Уходят вдаль людских голов бугры:

Я уменьшаюсь там, меня уж не заметят,

Но в книгах ласковых и в играх детворы,

Воскресну я сказать, что солнце светит.

 

 

 

Мандельштам. Самое знаменитое стихотворение поэта впервые я не прочитал, а услышал. Произошло это 65 лет назад, 6 марта 1953. В этот день, в 6 утра, объявили о смерти Сталина. Тогда я учился в 9д классе 131 школы города Харькова. У нас была первая смена (сообщения никто не слышал). Все явились в школу к первому уроку.

В школе учеников попросили собраться в спортивном зале. И директор школы сообщил нам прискорбную весть. После окончания траурного митинга мы, с грустными и унылыми, а у некоторых, заплаканными лицами, разбрелись по классам. В нашем 9д классе по расписанию был урок русской литературы, которую преподавал Александр Ильич Мосенжник. Когда мы зашли в класс, учитель попросил закрыть дверь (всунуть ножку стула в ручку двери). Для того чтобы понять, что произошло потом, надо немного рассказать о нашем учителе. Это стало возможным, благодаря публикации статьи Феликса Рахлина, (выпускника 131 школы 1948 года) «Старый учитель Александр-Ошер Мосенжник».  
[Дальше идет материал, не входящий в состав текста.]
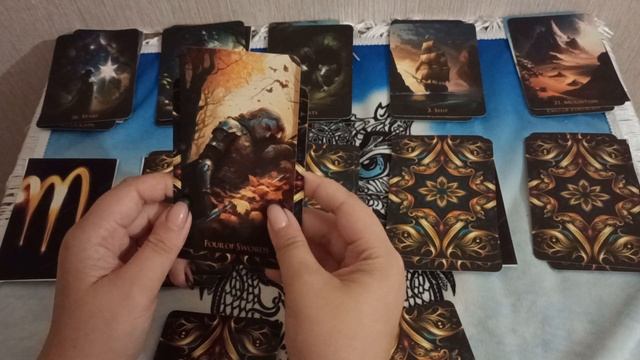 Карта Дня Для каждого знака зодиака: События и Неожиданность дня! смотреть онлайн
Александр Ильич, который на самом деле Ушер (от Ошер – счастье) Исай-Гершевич Мосенжник (это его родовая фамилия), родился в 1921 году в местечке Чуднов-Волынский на Житомирщине. Отец умер рано, а мать, будучи беременной, чудесным образом выжила после еврейского погрома поздней осенью 1920 года. А.И. Мосенжник учился на филологическом факультете Киевского университета, оттуда ушел на фронт, был ранен, а затем как инвалид был демобилизован.

Доучивался он уже в Кзыл-Орде (Казахстан), где во время оккупации находился Объединенный украинский (киевско-харьковский) госуниверситет. В 1944 году возвращается в Житомир, где преподает историю литературы и публикует статьи на литературные темы, трактовка которых не совсем согласовывалась с указующей линией партии. Из партии его исключили. После предупреждения друга в конце марта 1949 года: «Убирайся сегодня из города – завтра тебя придут арестовывать», успел уехать в Харьков, где жили родители жены. И это спасло его от ареста.
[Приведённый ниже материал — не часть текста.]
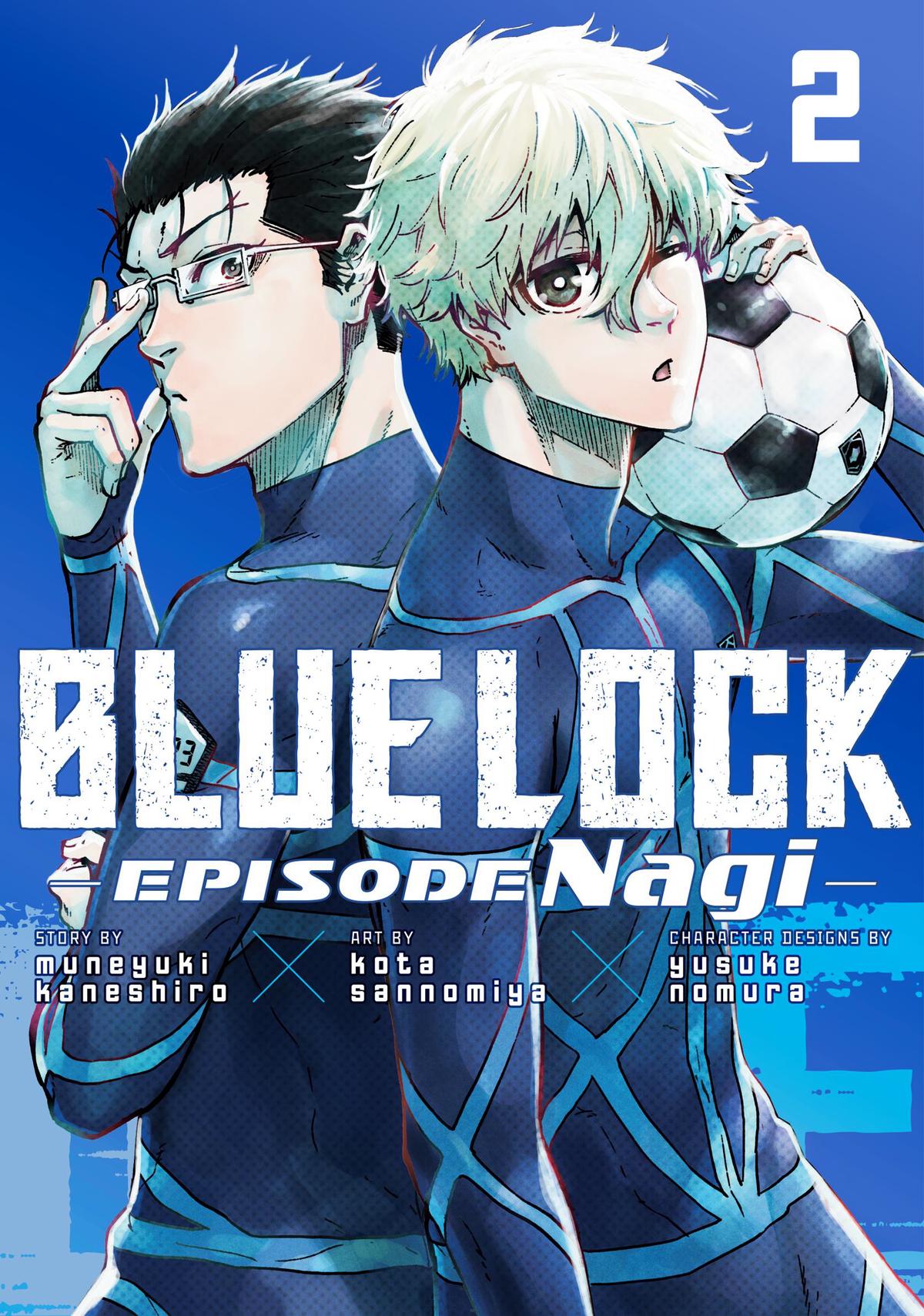 Blue Lock: Episode Nagi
Так А.И. Мосенжник оказался в Харькове и стал учителем русской литературы в 116 женской школе, а затем, одновременно, и у нас, в 131 мужской школе. Школьники звали его «Сюня» (оказывается, так называла его жена). Это был любимый учитель, великолепный рассказчик. К концу жизни, Александр Ильич остался один, жена его умерла, а их сын и дочь трагически погибли. Внучка уехала в США. Он умер на 90-м году жизни. Но незадолго до смерти, уже практически слепой, он продиктовал, а его ученики бережно записали воспоминания, которые он назвал «Семейная история в оправе времени».

И вот «Сюня» заходит в класс, просит закрыть дверь, садится на стол спиной к классу и начинает рассказывать. Вот вы страдаете, многие не могут сдержать слез, но знаете ли вы о том, как в 1937-1938, а потом в 1947-1949 годах людей арестовывали по доносу за малейшие, высказанные на людях сомнения в правильности политики партии?! Рассказывает, как его пытались арестовать в 1949. А затем читает стихи Мандельштама:

Мы живем, под собою не чуя страны,

Наши речи за десять шагов не слышны,

Читал он негромко, медленно, без пафоса, четко выговаривая каждое слово. Слова вроде были все понятны, но смысл доходил не сразу. «Сюня» продолжал:

А где хватит на полразговорца,

Там припомнят кремлевского горца.

Его толстые пальцы, как черви, жирны,

И слова, как пудовые гири, верны,

Тараканьи смеются глазища.

И сияют его голенища.

Вырисовывался, вроде, знакомый портрет. Но неужели эти стихи о нем? И нам только что сообщили, что он умер. Непостижимо. Но дальше было опять непонятно:

А вокруг него сброд тонкошеих вождей,

Он играет услугами полулюдей.

Кто свистит, кто мяучит, кто хнычет,

Он один лишь бабачит и тычет.

Что это за «сброд тонкошеих вождей»? Какими услугами «полулюдей» он играет? Почему при общении они не используют слова? Одни вопросы, на которые нет ответа. «Сюня» продолжает:

Как подкову, дарит за указом указ — 

Кому в пах, кому в лоб, кому в бровь, кому в глаз.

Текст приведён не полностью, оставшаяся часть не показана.